**Task details:** Reproduce the listing that follows character for character, excluding its pictures.

Data shown Block Start

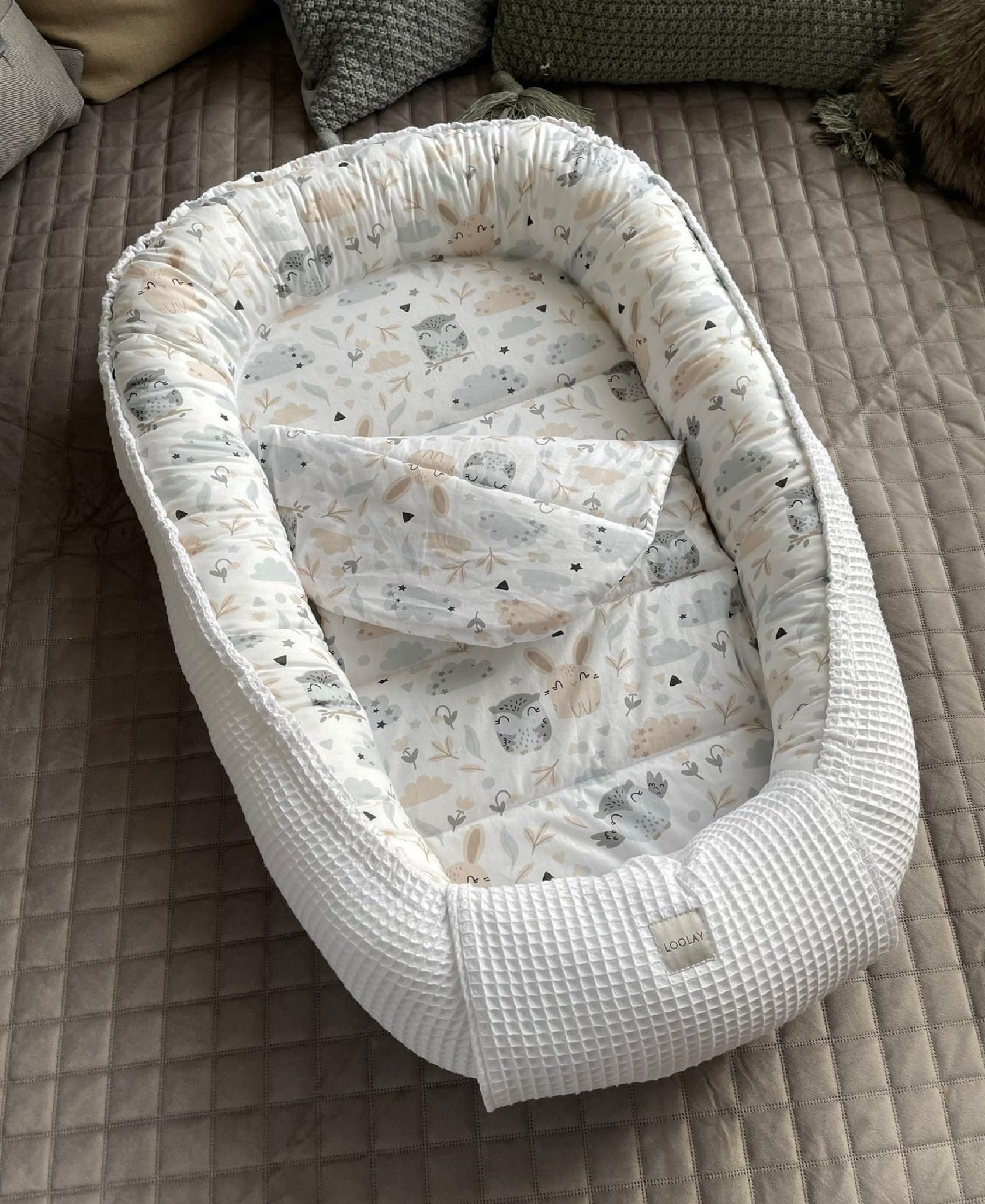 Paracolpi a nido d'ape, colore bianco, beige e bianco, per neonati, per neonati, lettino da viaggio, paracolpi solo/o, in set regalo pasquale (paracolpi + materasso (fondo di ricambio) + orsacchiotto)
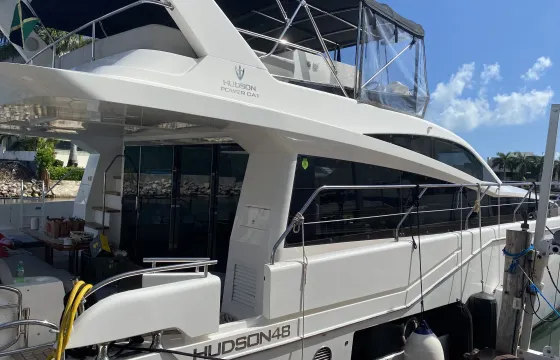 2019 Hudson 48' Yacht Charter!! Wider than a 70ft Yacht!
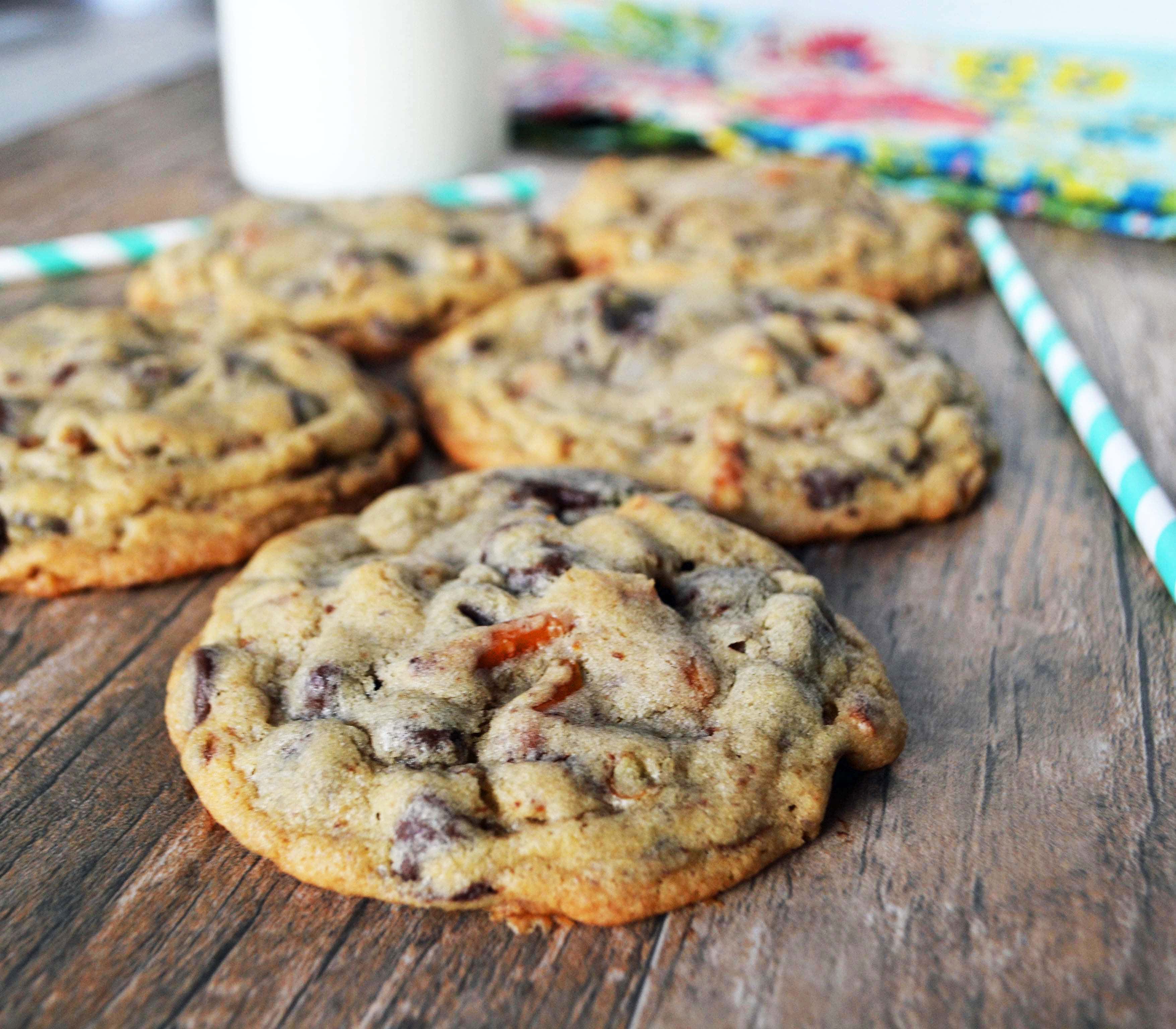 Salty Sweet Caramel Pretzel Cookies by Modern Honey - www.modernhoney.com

Data shown Block End

**Response to the exercise:**
 Paracolpi a nido d'ape, colore bianco, beige e bianco, per neonati, per neonati, lettino da viaggio, paracolpi solo/o, in set regalo pasquale (paracolpi + materasso (fondo di ricambio) + orsacchiotto)
 2019 Hudson 48' Yacht Charter!! Wider than a 70ft Yacht!
 Salty Sweet Caramel Pretzel Cookies by Modern Honey - www.modernhoney.com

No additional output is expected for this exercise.